← Back to context

Comment by emaginniss

3 years ago

Right, but Linux (the OS) doesn't have unit tests to ensure that changes to the underlying system doesn't break the software on top. Imagine if MS released a new version of Windows and tons of applications stopped functioning. Everyone would blame MS. The Linux community does it all the time and just says that it's the price of progress.

I think the problem is that there isn't really a thing like "Linux the OS"; there's Debian, Ubuntu, Gentoo, Red Hat, and more than I can remember, and they all do things different: sometimes subtly so, sometimes not so subtly. This is quite different from the Windows position where you have one Windows (multiple editions, but still one Windows) and that's it.

This is why a lot of games now just say "tested on Ubuntu XX LTS" and call it a day. I believe Steam just ships with half an Ubuntu system for their Linux games and uses that, even if you're running on Arch Linux or whatnot.

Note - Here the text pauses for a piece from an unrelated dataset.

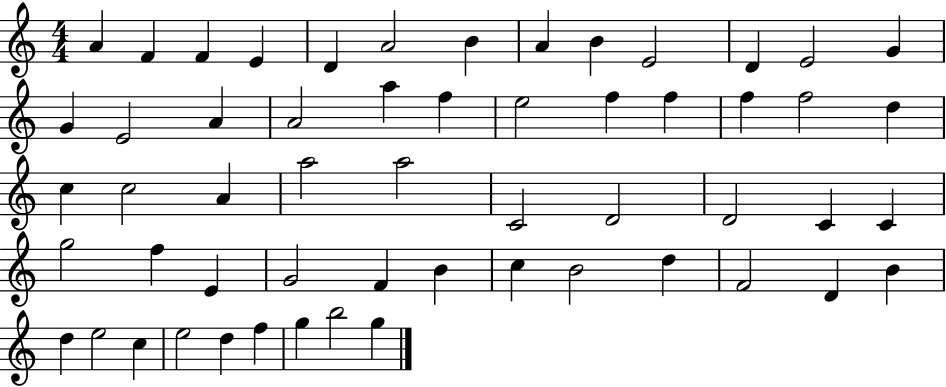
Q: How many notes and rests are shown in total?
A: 56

This has long been both a strong and weak point of the Linux ecosystem. On one hand, you can say "I don't want no stinkin' systemd, GNU libc, and Xorg!" and go with runit, musl, and Wayland if you want and most things still work (well, mostly anyway), but on the other hand you run in to all sort of cases where it works and then doesn't, or works on one Linux distro and not the other, etc.

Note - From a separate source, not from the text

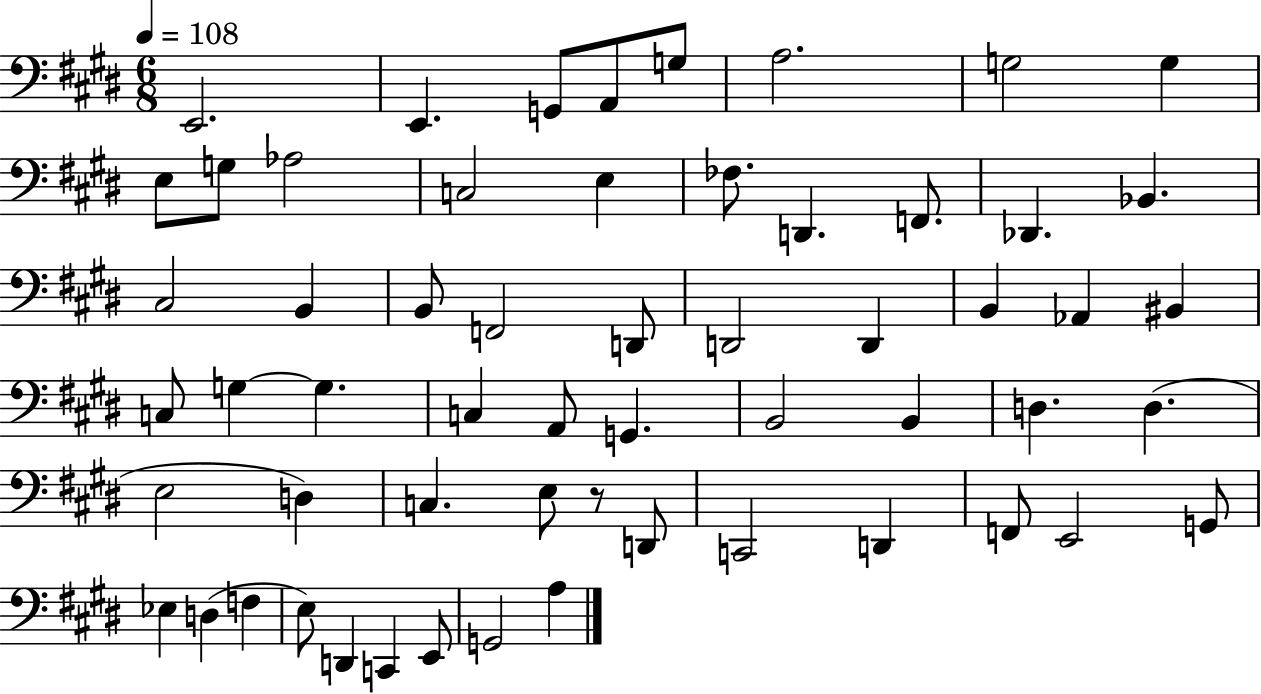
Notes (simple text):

E2/h. E2/q. G2/e A2/e G3/e A3/h. G3/h G3/q E3/e G3/e Ab3/h C3/h E3/q FES3/e. D2/q. F2/e. Db2/q. Bb2/q. C#3/h B2/q B2/e F2/h D2/e D2/h D2/q B2/q Ab2/q BIS2/q C3/e G3/q G3/q. C3/q A2/e G2/q. B2/h B2/q D3/q. D3/q. E3/h D3/q C3/q. E3/e R/e D2/e C2/h D2/q F2/e E2/h G2/e Eb3/q D3/q F3/q E3/e D2/q C2/q E2/e G2/h A3/q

I don't think there's clean solution to any of these issues. Compatibility is the one of the hard problems in computers because there is no solution that will satisfy everyone and there are multiple reasonable positions, all with their own trade-offs.

So, I very much agree with mike_hearn, their description of how glibc is backwards compatible in theory due to symbol versioning matches my understanding of how glibc works, and their lack of care to test if glibc stays backwards compatible in practice seems evident. They certainly don't seem to do automated UI tests against a suite of representative precompiled binaries to ensure compatibility.

However, I don't understand where unit testing comes in. Testing that whole applications keep working with new glibc versions sounds a lot like integration testing. What's the "unit" that's being tested when ensuring that the software on top of glibc doesn't break?

The Linux Kernel does have tests, and many of the apps on top have unit tests too.

> Imagine if MS released a new version of Windows and tons of applications stopped functioning. Everyone would blame MS.

I don't have to imagine, this literally happens every Windows release.